L’articolo di Leonardo Zaccone di Roma Makers su chefuturo affronta molti temi interessanti sul rapporto tra educazione, scuole e fablab. Ci siamo ritrovati in molti passaggi soprattutto quando rileva che i ragazzi e le ragazze sono si’ in contatto con molto digitale ma spesso questo e’ purtroppo limitato al telefonino cellulare, alle consolle da gioco e a poco altro. In altri passaggi meno, perchè pensiamo che il cambio di passo delle scuole non sia da individuare solo nell’inserimento nelle scuole di strumenti digitali. Anche se si tratta di buon digitale.

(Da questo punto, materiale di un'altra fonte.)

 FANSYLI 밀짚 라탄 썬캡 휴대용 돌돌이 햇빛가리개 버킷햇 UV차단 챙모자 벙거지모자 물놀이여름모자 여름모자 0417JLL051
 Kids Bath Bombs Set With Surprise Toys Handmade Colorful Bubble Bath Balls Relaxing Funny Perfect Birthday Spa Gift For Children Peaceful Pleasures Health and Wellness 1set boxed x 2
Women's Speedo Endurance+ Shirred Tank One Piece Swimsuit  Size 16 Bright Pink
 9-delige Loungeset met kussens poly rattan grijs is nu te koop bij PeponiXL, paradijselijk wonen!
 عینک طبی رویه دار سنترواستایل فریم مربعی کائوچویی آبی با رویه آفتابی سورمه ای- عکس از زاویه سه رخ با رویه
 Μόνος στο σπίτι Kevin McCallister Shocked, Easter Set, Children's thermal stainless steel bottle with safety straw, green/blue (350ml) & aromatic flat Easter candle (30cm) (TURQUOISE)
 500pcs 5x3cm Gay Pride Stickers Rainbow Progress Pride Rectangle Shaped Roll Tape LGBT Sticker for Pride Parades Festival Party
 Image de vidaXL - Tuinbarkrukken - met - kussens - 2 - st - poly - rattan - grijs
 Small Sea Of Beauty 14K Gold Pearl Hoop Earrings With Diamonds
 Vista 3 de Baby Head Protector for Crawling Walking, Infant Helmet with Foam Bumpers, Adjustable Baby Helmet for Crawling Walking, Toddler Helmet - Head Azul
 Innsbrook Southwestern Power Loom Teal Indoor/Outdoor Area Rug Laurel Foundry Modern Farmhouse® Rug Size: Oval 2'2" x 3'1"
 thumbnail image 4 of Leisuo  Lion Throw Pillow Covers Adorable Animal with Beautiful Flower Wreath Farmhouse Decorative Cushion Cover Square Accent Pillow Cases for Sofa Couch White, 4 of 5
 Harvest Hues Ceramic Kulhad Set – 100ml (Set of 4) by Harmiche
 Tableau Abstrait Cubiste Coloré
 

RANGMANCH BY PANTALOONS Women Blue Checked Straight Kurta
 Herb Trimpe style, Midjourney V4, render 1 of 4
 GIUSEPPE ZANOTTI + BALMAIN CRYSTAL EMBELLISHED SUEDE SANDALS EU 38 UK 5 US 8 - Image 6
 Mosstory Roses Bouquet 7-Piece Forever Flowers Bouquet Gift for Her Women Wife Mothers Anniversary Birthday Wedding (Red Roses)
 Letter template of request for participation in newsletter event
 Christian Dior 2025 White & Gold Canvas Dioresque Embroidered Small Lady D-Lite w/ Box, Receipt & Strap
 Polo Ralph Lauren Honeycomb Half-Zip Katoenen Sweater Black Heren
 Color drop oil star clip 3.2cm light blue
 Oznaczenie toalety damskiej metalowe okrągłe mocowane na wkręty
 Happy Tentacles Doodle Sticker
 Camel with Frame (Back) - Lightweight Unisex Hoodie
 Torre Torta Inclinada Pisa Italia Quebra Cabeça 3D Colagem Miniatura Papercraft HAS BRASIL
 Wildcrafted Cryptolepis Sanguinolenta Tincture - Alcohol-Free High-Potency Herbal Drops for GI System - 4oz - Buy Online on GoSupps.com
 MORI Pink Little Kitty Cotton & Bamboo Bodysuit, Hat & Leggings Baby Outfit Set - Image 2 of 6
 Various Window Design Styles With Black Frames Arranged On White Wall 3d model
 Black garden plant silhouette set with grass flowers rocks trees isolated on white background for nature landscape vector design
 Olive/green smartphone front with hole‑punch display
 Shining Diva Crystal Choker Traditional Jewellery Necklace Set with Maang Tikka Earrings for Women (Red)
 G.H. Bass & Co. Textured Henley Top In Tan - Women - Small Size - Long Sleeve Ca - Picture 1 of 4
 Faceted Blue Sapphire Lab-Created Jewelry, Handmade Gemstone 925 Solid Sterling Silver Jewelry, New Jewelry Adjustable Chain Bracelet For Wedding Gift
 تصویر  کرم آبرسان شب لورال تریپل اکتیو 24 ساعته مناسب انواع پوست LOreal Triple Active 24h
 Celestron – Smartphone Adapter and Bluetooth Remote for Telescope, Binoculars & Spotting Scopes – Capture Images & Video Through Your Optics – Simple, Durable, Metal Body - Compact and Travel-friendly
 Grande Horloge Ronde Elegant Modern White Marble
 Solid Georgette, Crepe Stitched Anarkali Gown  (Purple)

Paradossalmente questo e’ anche un nostro grande timore. Il PNSD (Piano Nazionale Scuola Digitale) aiuterà sicuramente gli studenti che avranno “docenti preparati” a gestire queste camionate di tecnologie ma noi di WeMake è circa un anno che ci stiamo domandando cosa significhi essere docenti preparati. Abbiamo incontrato nei nostri percorsi nelle scuole secondarie (sia di primo che di secondo grado) docenti che non conoscevo Arduino, stampa 3d e lasercutter ma che nel contempo consentivano, agevolavano e facilitavano un utilizzo di senso di tali strumenti. Abbiamo però purtroppo anche incontrato docenti che conoscevano i Fablab, la digital fabrication, i makers ma che non consentivano ai ragazzi di procedere nel loro percorso di apprendimento perché utilizzavano questi strumenti non come elementi pedagogici o didattici ma come strumenti di esecuzione di un compito. L’obiettivo formativo era quindi slegato dal senso e dal valore che portiamo. Risultava ridimensionato al saper utilizzare software e hardware come il prof di turno desidera.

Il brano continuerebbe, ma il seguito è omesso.